According to Wharfedale, the Diamond 8 Series, of which the 8.1 is the smallest, is a complete departure for the company, a return to audiophile values of yore. Funny, then, that the best speaker they've made in decades is manufactured entirely, bar the woofer cone material, in a country which has of late been regarded by its (envy-motivated) detractors as similar to Japan in the 1950s: nice price, shame about the quality.

But China's quality curve is improving even faster than Japan's, which took some 20-25 years from the end of WWII until it reached the point where 'Made In Japan' was a benefit rather than a demerit. If you consider that China has, in real terms, only been open to the West for a decade, then you have to agree that Wharfedale and countless others have trained their Asian staff well. In this case, if there was no 'Made In China' sticker, you would think that the Diamond 8.1 came from Denmark.

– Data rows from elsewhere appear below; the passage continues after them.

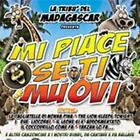 Mi Piaci Se Ti Muovi (1 CD Audio) - Various Artists (Audio Cd)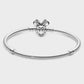 buy-pandora-disney-pandora-moments-pava-c-minnie-mouse-bracelet_qmb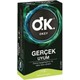 Seçili Renk (Overwashed)Black-Checker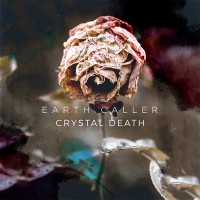 Purchase Earth Caller - Crystal Death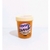 Honey Lavender Body Scrub - Victoria’s Secret Pink - comprar online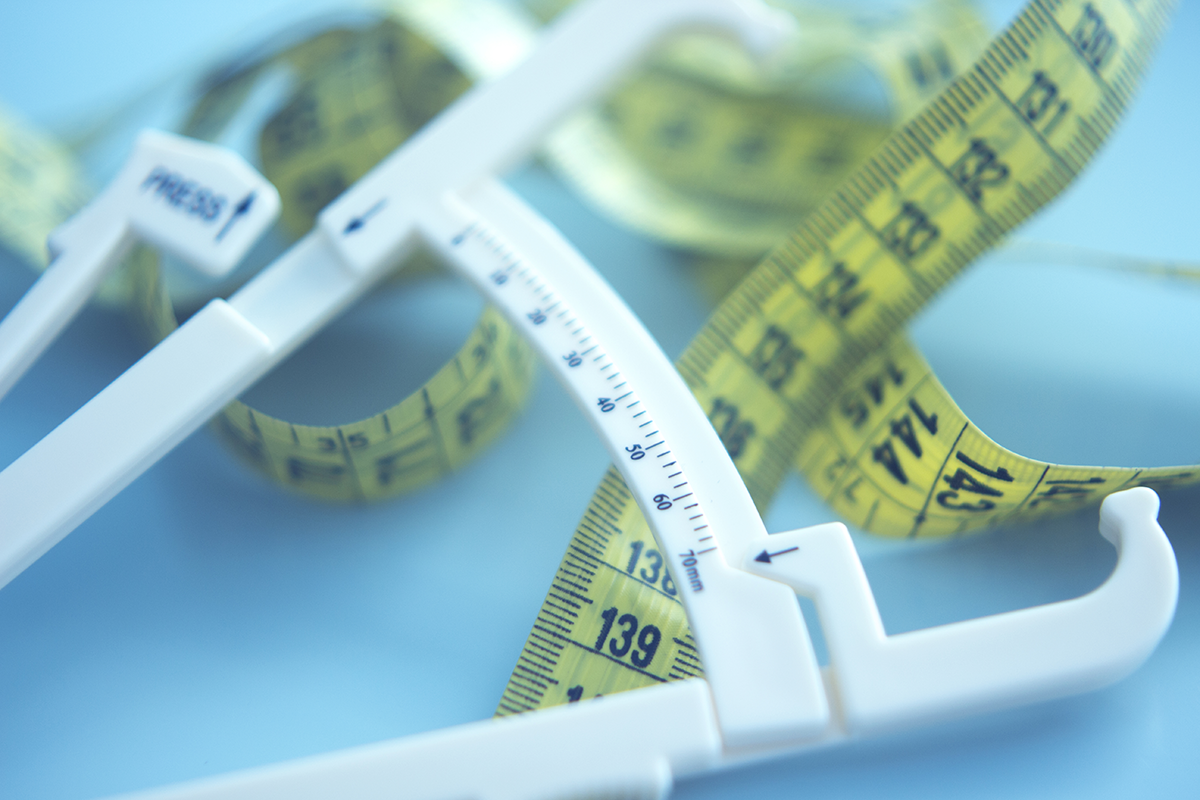 Tips to Prevent Overeating after Bariatric Surgery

Let's not be coy about this. Wharfedale uses Chinese manufacturing facilities for the same reason as everyone else: to keep prices down. When you learn how inexpensive is the Diamond 8.1, though, you'll be grateful that China is entering the 20th, if not quite the 21st Century. Yes, KK has now found a bigger bargain than the still-luscious Tandy LX-5 Pro...

Competition and Comparison
To compare Wharfdale's Diamond 8.1 speakers against other speakers please read our reviews for the Rogers db101 speakers and the Opera Platea speakers.  You can read more by visiting our Bookshelf Speaker section.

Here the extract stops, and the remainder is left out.